Words and action at the Yoga Journal Conference

I’ve never been to the Yoga Journal Conference, but came closer than ever this past weekend. Some friends told me that they were planning a protest of the conference because YJ was – for the third year in a row – going ahead with having the conference at the Hyatt Regency in SF, despite an ongoing boycott of Hyatt by their union, Unite Here. I helped out by making a FB page for the action, and soon found myself in the middle of a wild few days of blogging, chatting, and education, all aimed toward getting Yoga Journal to book its conference somewhere else in observation of the boycott. Inevitably, it’s more complex than a blog post or street protest can possibly address, but I’m happy I took part. Here’s some reflections.

The basic facts and issues are well-collected on Roseanne Harvey’s blog, it’s all yoga, baby (IAYB), in a post about our Thursday action, and this recap. My reductive, biased narrative: Hyatt is a big “evil” corporation, though they think they’re great, and the union is standing up for “justice” and fair working conditions. Yoga Journal, as a self-appointed house organ for the mainstream – read bougie – yoga “community” (YJ started grassroots, in a Berkeley living room, but has been owned since 2006 by Active Interest Media, and is the largest of their many “enthusiast magazines”. AIM is also huge in the boat show world. Ok! The CEO is named Efrem “Skip” Zimbalist III… not to cast aspersions on a guy just because he has a really WASPy name, but… he’s not Efrem “Shanti” Zimbalist, you know?) puts on these huge, corporate-style events, and is accused of ignoring for years calls to reflect the liberal values of their constituency and observe the boycott. That’s the black and white story. Maybe useful, maybe not so much. But let’s dig a little.
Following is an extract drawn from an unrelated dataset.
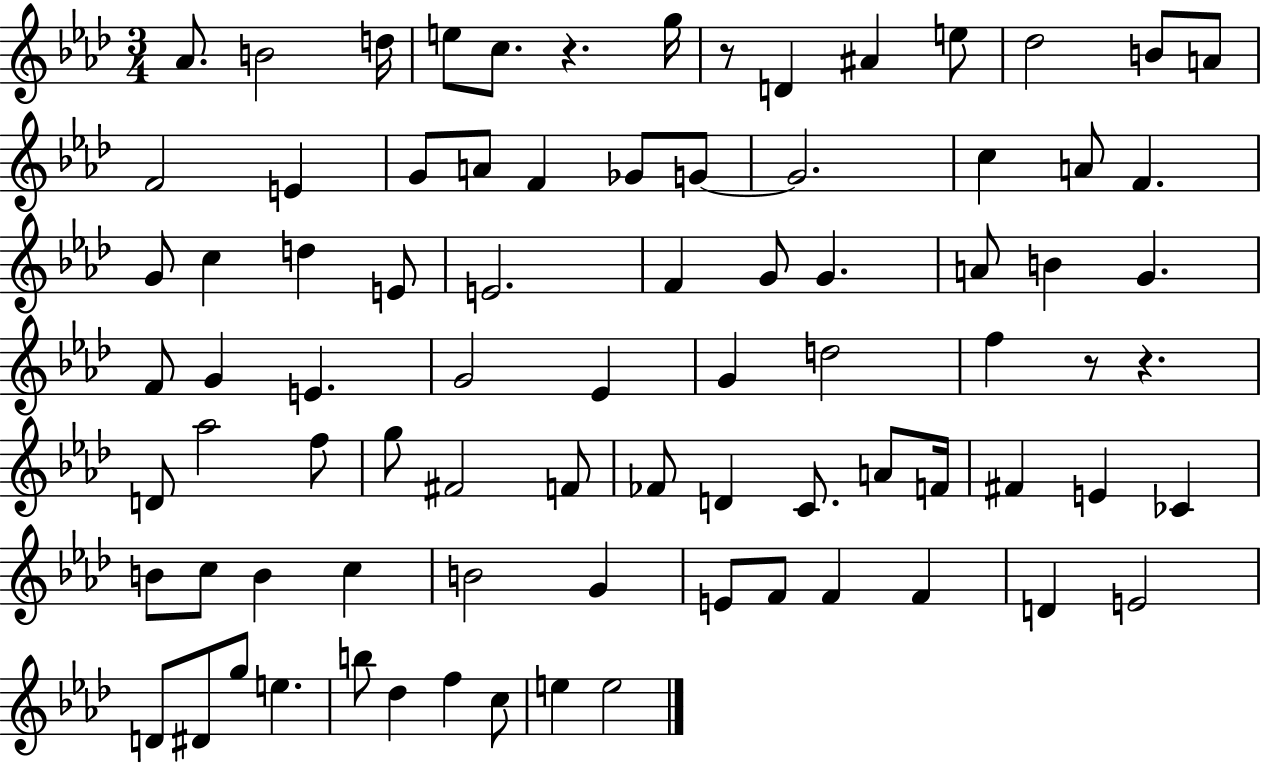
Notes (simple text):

Ab4/e. B4/h D5/s E5/e C5/e. R/q. G5/s R/e D4/q A#4/q E5/e Db5/h B4/e A4/e F4/h E4/q G4/e A4/e F4/q Gb4/e G4/e G4/h. C5/q A4/e F4/q. G4/e C5/q D5/q E4/e E4/h. F4/q G4/e G4/q. A4/e B4/q G4/q. F4/e G4/q E4/q. G4/h Eb4/q G4/q D5/h F5/q R/e R/q. D4/e Ab5/h F5/e G5/e F#4/h F4/e FES4/e D4/q C4/e. A4/e F4/s F#4/q E4/q CES4/q B4/e C5/e B4/q C5/q B4/h G4/q E4/e F4/e F4/q F4/q D4/q E4/h D4/e D#4/e G5/e E5/q. B5/e Db5/q F5/q C5/e E5/q E5/h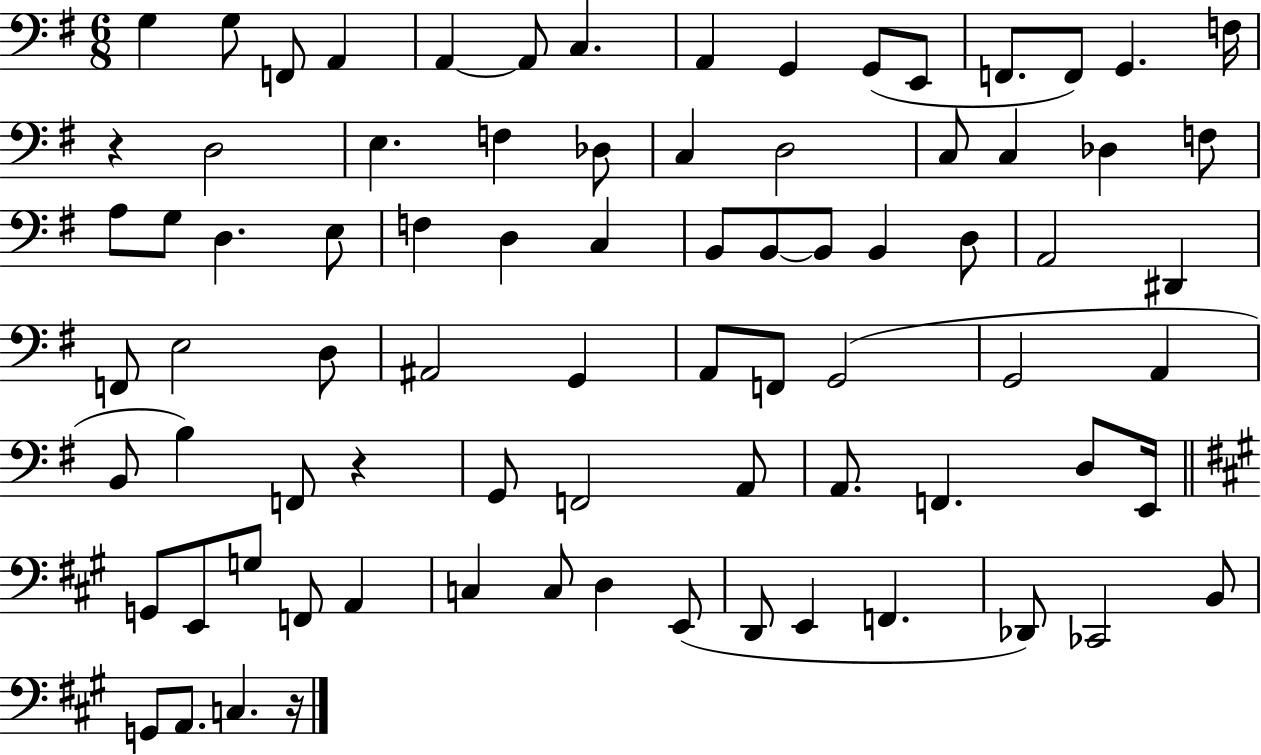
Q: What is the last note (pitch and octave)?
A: C3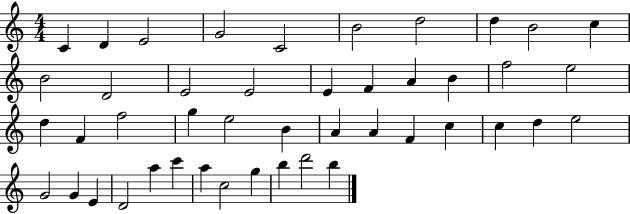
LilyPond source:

“Yoga means Union” is a great slogan, but how much does YJ have to do with Union (as in the “spiritual” or non-dual aspect of yoga) nowadays? Like most big magazines and media presences, it’s an advertising delivery system, and for those of us who prefer our yoga ad-free, not so simpatico a spiritual practice aid. BUT – and this is where the snarky good-and-evil narrative gets to breathe a little – many teachers who write for it, and teach at the Conference, and do lots of things that could be called mainstream yoga, are in fact deeply sincere practitioners with strong, dedicated practices. And much wisdom to share. And many many readers likewise. Sincere, heartfelt practitioners of an ancient practice that has changed substantially since its origins, and continues to do so, daily, in our classes, studios, bodies, and relationships.

So for me the issue is less the details of the labor dispute (though for a look at the major sticking point in the Hyatt/Union dispute, called “Card Check”, you could start with this and this) than issues of how we understand ourselves as modern yogis. For me this falls under the limb of the Buddha’s Eightfold (ashtanga) Path called Wise Livelihood. And the unfolding of the weekend’s protest and online conversations (and even my own sarcasm in this note!) brings me to want to mention Wise Speech as well. With Wise Action, the three practices make up the sila, or “ethics” portion of the Eightfold Path, and the practices they emphasize – non-harming, honesty, kindness, sobriety, generosity, renunciation – are explicit and implicit in Patañjali’s system as well, called yama in the Yoga Sutra. We get excited about the physical and mental transformation possible through asana and meditation, but often give short shrift to these guiding fundamentals. And for good reason… if we made them central to our practice, they would upend our lives.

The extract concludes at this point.